Once the Bank ceases to pay interest on a specific fraction (or all) of the reserves, and market rates are above zero, commercial banks will find themselves with interest-incurring liabilities (customer deposits) but without interest-generating assets (like central bank reserves) to offset the interest due and the administrative expenses of such deposits, particularly those formed through QE. The interest paid to banks is required to subsidize the payments for banks interest bearing liabilities, the removal of this subsidy would either eat into banks’ profits or force banks to pass on the cost to their customers – or so the argument goes.

This objection is overstated. Firstly, of the interest paid to banks on their reserves, only 43% is being passed on to savers through interest rate rises on their savings accounts. The majority of interest payments — 57% — go in the banking sectors bottom line. Therefor more than £100bn by July 2028 would be transferred from the government directly to the banking sectors profits.

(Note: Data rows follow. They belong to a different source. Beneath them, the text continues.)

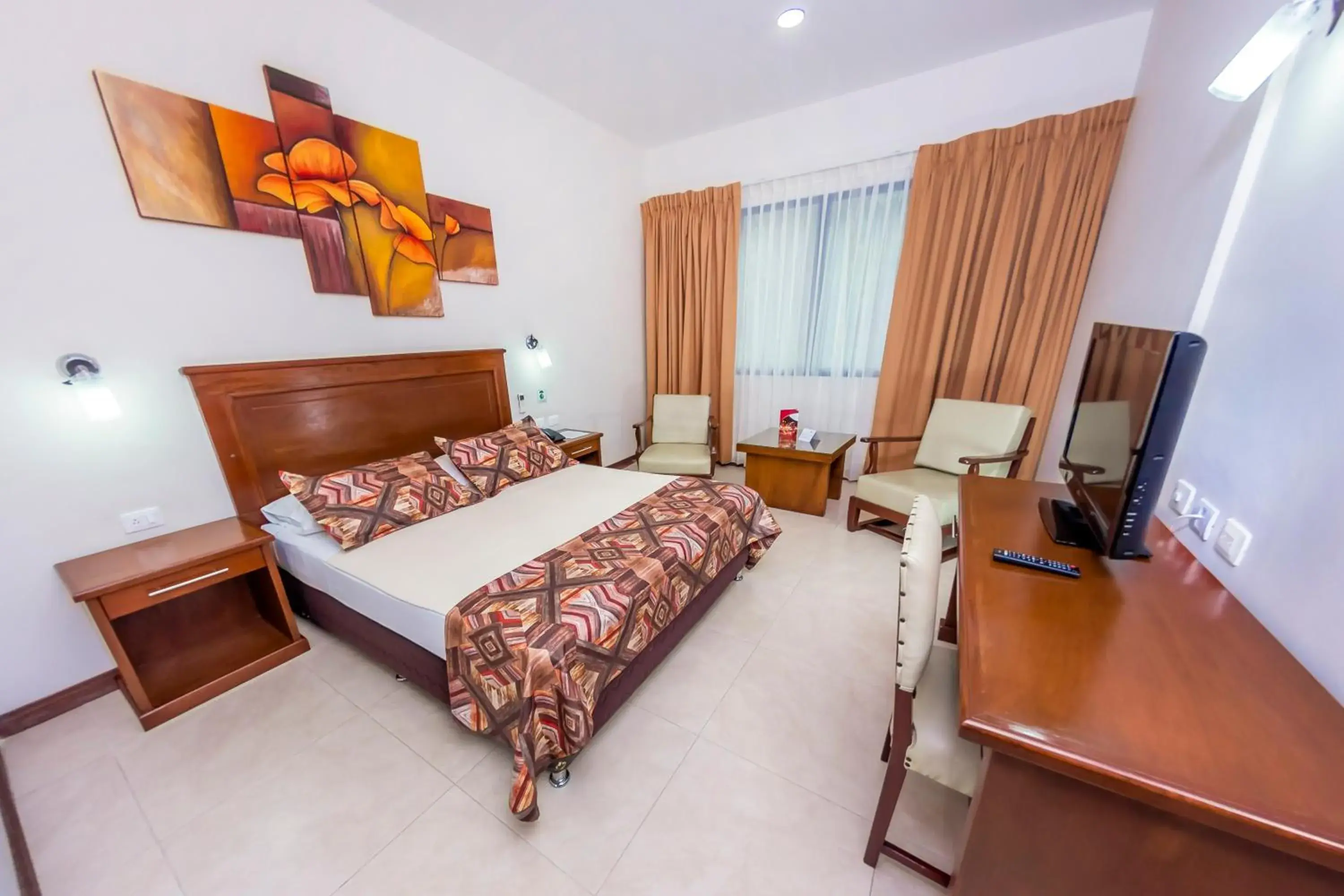 Standard Double Room in Hotel Guadalajara Standard Double Room in Hotel Guadalajara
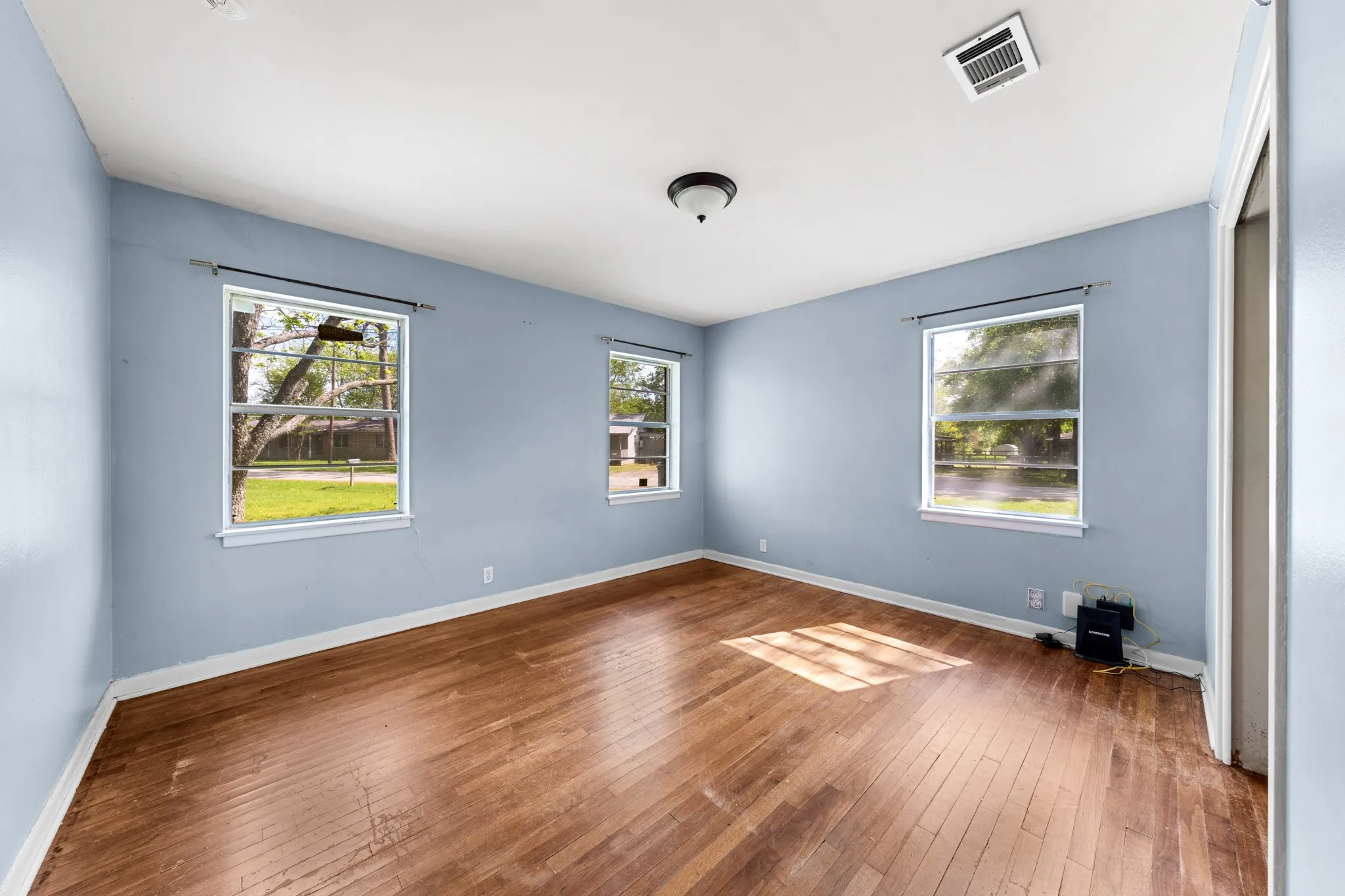 Single Family Residence For Sale in Wood County , 801 N Winnsboro Street, Quitman, Texas 75783, 3 Bedroom, 1 Bathroom, 1 Garage spaces, 1,358 Sqft, built in 0, Preowned, mls#21234700, Real Estate Agent in Quitman, Homes For Sale in Wood county, Homes For Sale in Quitman, Realtor in Quitman Texas, Real Estate Brokerage Independent Realty Texas, Luminita Cordes Realtor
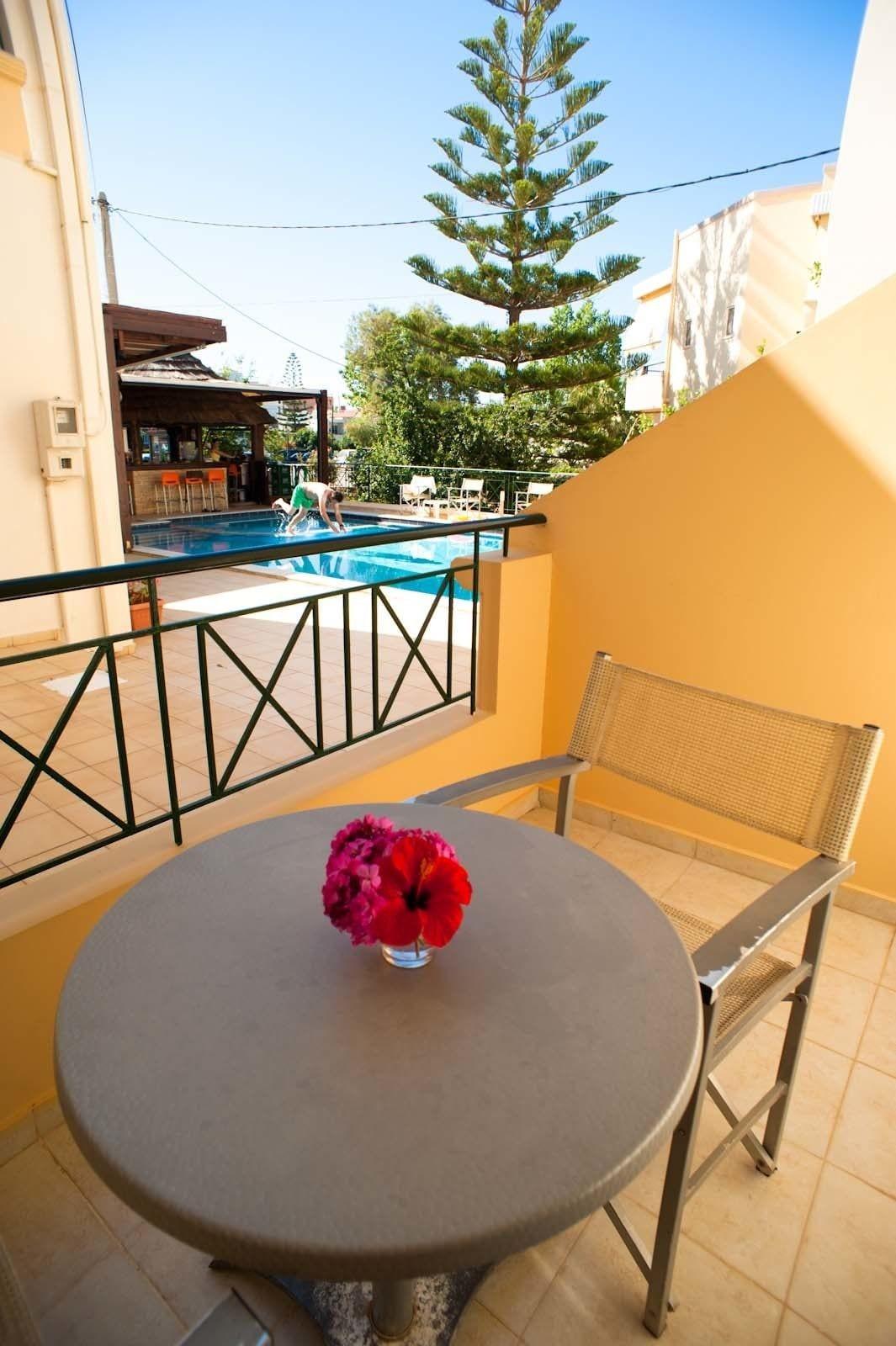 Semiramis Aparthotel 2*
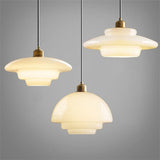 Mid-Century Witte Glazen Hanglamp – Verstelbare Messing Hanglamp
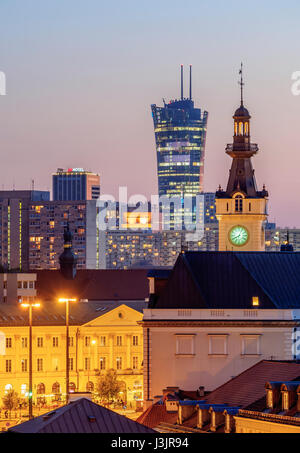 La Pologne, Voïvodie de Mazovie, Varsovie, vue en direction de la tour de l'horloge du Palais Jablonowski et gratte-ciel de Varsovie Spire Banque D'Images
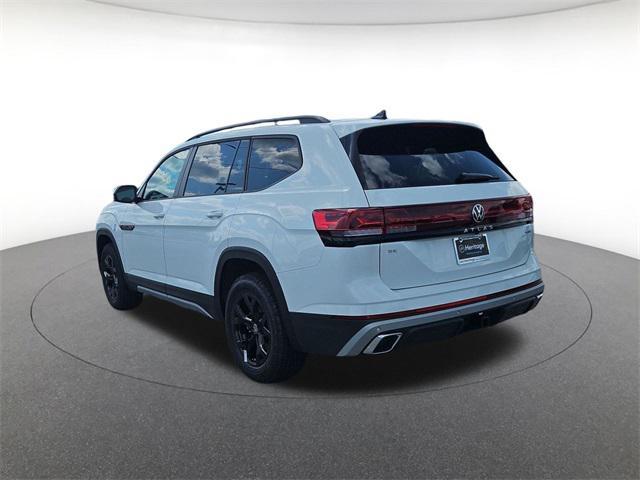 new 2025 Volkswagen Atlas car, priced at $41,284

Secondly, as reserve requirements reduce the available liquidity to the banking sector, there will be intensified competition between banks to attract savers. They would aim to keep savers to maintain their market share and mitigate the risks of deposit flight, especially if they have a limited and concentrated client base. Therefore, this would potentially strengthen savers’ position. Regardless, to make a profit banks are more likely to pass higher interest rates onto borrowers rather than savers. In that case, raising the interest rate for borrowers encapsulates the very logic and primary intent behind increasing interest rates. As such, a tiered reserve system might function as an inherent stabilizer for ensuring price consistency. By enhancing the Bank’s intended tightening effect of rate rises, it becomes a deliberate design advantage, a feature not a bug” as stated in an IMF working paper. Such a change would essentially make the monetary transmission mechanism stronger and the bank would have to weigh this up with every interest rate decision. To have the same effect a lower interest rate may be appropriate.

Another issue that warrants consideration is the implications the removal of a flow of income to banks may have on financial stability. This is an important concern, the materialization of risks would also reflect the implications of higher interest rates for financial stability more broadly and the capital adequacy of banks. However, net interest margins having risen sharply over the past year, helping to reduce the possibility of financial instability. If financial stability were still a concern, then we could introduce reserve requirements and the tiered reserve system conservatively and only gradually – whilst the Bank would also have to stand ready to lend out reserves if there appeared to be shortfall (signaling a partial return to the previous corridor interest rate system).

Conclusion
Fighting inflation and monetary tightening will entail a significant income transfer to the banking sector at the government’s and the British public’s expense. This does not have to happen. As the LSE professor Paul De Grauwe has shown, central banks made profits not losses when fighting inflation in the 1970s. The current monetary framework comes at an exorbitant cost and is historically unprecedented.

An alternative to our tiered reserves regime is to directly tax the banks. Positive Money have made such a proposal that merits consideration. Another option would be to implement certain financial regulations that force banks to pass a greater portion of the interest they receive to savers. A tiered reserve system is primarily different to these proposals as it aims to tackle the issue at it source. Our position is that all policy alternatives and reforms – including the status quo – should be considered to save the taxpayer billions.

The transfer of £34bn a year in 2024 – 2027 to the already significantly subsidized banking sector represents a substantial portion of public funds, equivalent to 2.8% of total government spending. Unlike traditional government expenses that undergo rigorous democratic oversight, debate, and often come with various conditions and reporting procedures, these income transfers now need to be met with similar scrutiny.